Schatten von gestern (Call for the Dead; 1961; 222 Seiten) – Der erste Band und die Geburtsstunde von George Smiley. Passenderweise eingeleitet mit einem Lebenslauf, der seinen Lebensweg bis zum Beginn der eigentlichen Geschichte nachvollzieht. Ein kleiner, weniger ansehnlicher Mann, dessen Schneider ihn offensichtlich ausnutzt (seine Klamotten sind ihm zu groß). Er hat in Oxford studiert und ist ein Liebhaber eher unbekannter deutscher Poeten aus dem 17. Jahrhundert. Wie auch immer schaffte er es eine absolute Schönheit anzulachen. Die Ehe hielt jedoch nur kurz. Sie verließ ihn für einen berühmten Rennfahrer. Schon 1928 landet er beim britischen Geheimdienst und macht sich speziell im Krieg einen Namen.
Mittlerweile ist der zweite Weltkrieg ein paar Jahre her. Stattdessen tobt der Kalte Krieg und wie überall in der westlichen Welt hat man auch in England Angst vor den Russen/Kommunisten. Das Buch beginnt mit dem Selbstmord des MI6-Agenten Samuel Fennan. Smiley hatte ihn ein paar Tage zuvor einer Unterredung unterzogen, weil er aufgrund eines anonymen Briefs verdächtig wurde ein Doppelagent zu sein. Fennans Frau und sein Abschiedsbrief erwecken den Eindruck, dass es dieses Verhör war, was ihn über die Klippe springen ließ. Also wird Smiley auf Geheiß der Obrigkeit vom Dienst entlassen und die Geschichte ist zu Ende. War ein sehr kurzes Buch…
Nein, natürlich nicht. Wir wissen doch alle, dass in den besten Krimis der gute Polizist/Detektiv/was auch immer erst einmal von den lahmen/korrupten Beamten hintergangen wird und er erst auf sich gestellt anfängt den Fall zu lösen. Es beginnt die Suche nach der Wahrheit. Hat sich Fennan tatsächlich umgebracht, wegen Smileys Verhör oder steckt doch mehr dahinter?

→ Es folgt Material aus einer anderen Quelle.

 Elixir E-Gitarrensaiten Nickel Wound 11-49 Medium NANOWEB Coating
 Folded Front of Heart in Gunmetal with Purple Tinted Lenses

Beim Christoph meint: Ein fulminanter Einstieg in die Saga. Volle und eine klare Leseempfehlung. Der Start mit dem Lebenslauf mag einem zuerst etwas komisch vorkommen, legt aber die Grundlage für ein äußerst spannendes Katz- und Mausspiel bei dem bis zum Schluss unklar ist wer gewinnt (=überlebt) und verliert (=stirbt) – inkl. einer Art Cliffhanger, der erst in Band 3 aufgelöst wird. Smiley ist ein äußerst komischer aber auf seine Art extrem intelligenter Kauz, der nicht immer alles richtig macht und auch vorbildlich nicht alleine arbeitet – also ganz und gar nicht dem James-Bond-Klischee entspricht. Aber das macht ihn so liebenswert. Le Carré erweckt ihn mit seiner für heutige Verhältnisse vielleicht etwas Altmodischen aber für diese Zeit absolut passenden Schreibe perfekt zum Leben und lässt mich als Leser von Anfang bis Ende mit ihm mitfiebern.

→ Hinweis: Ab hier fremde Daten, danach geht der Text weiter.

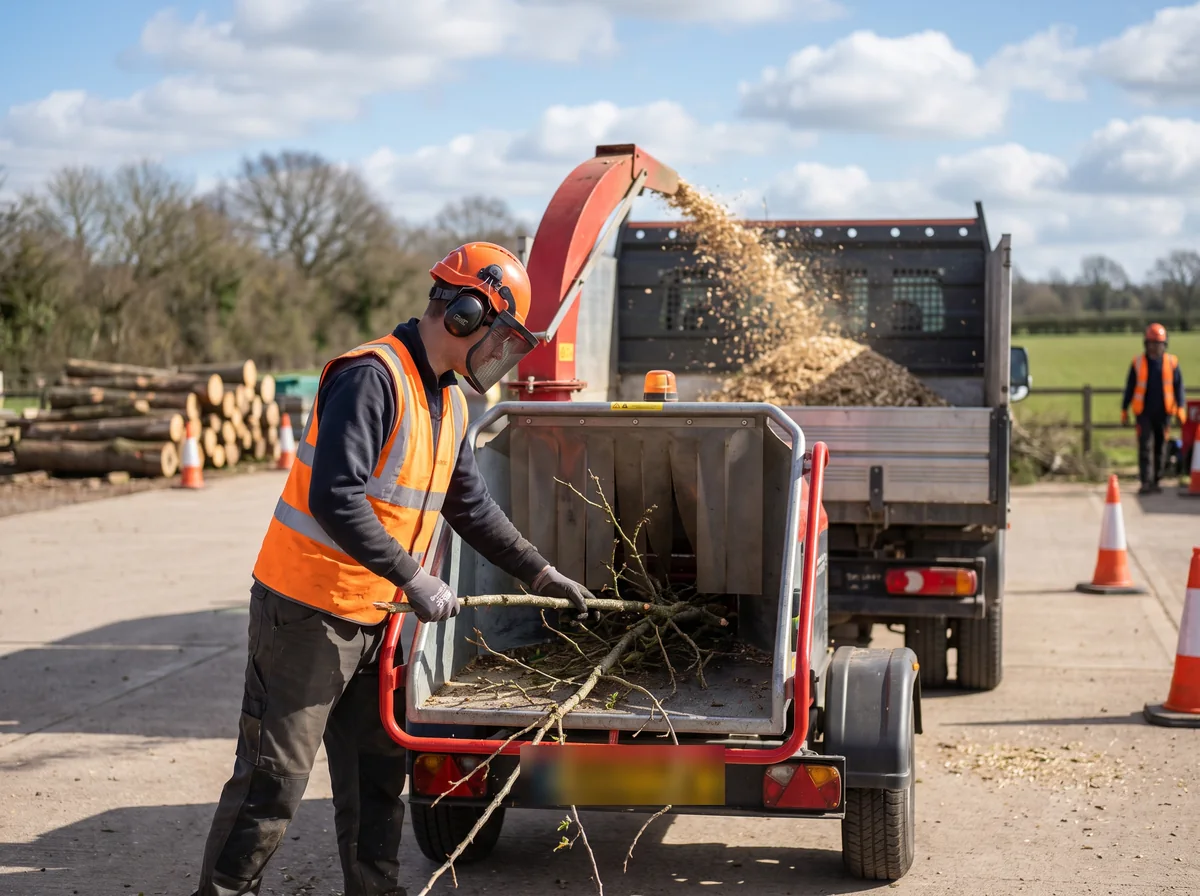 Brash going through the chipper and straight into the truck.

Ein Mord erster Klasse (A Murder of Quality; 1962; 186 Seiten) – Smiley hat es am Ende des 1. Bands abgelehnt in den Dienst seiner Majestät zurückzukehren. Stattdessen „genießt” er den frühen Ruhestand wie man es so als englischer Gentleman halt tut. Eines Tages kommt die Herausgeberin der kleinen Zeitschrift „Christliche Stimme”, Ailsa Brimley, auf ihn zu. Er kennt sie noch aus dem Krieg. Sie hat einen verstörenden Brief erhalten in dem die langjährige Leserin Stella Rode ihren Verdacht äußert, dass ihr Mann sie umbringen möchte. Ihr Ehemann ist Lehrer am Elite-College Carne, sie „nur” ein einfaches Mädchen vom Lande.
Und tatsächlich: Bevor es Smiley nach Carne schafft ist Ailsa bereits tot. Brutal zusammengeschlagen im Wintergarten ihres Hauses mit einem Stück Koax-Kabel, das ihr Mann als Anschauungsmaterial im Unterricht verwendet hat. Da braucht es keinen Smiley, um den Fall zu lösen. Es war eindeutig nicht der Gärtner, sondern der karrieresüchtige Ehemann, der sich von seiner so gar nicht in die Carne-Gesellschaft passende Frau zurückgehalten sah. Aber wer so denkt, hat vermutlich noch nie in seinem Leben einen Krimi konsumiert. Bis die Wahrheit ans Licht kommt hat Smiley stattdessen so einiges an Detektivarbeit zu leisten, was bei einer eingeschworenen Gesellschaft, wie es die Lehrer von Carne ist, nicht ganz so einfach ist.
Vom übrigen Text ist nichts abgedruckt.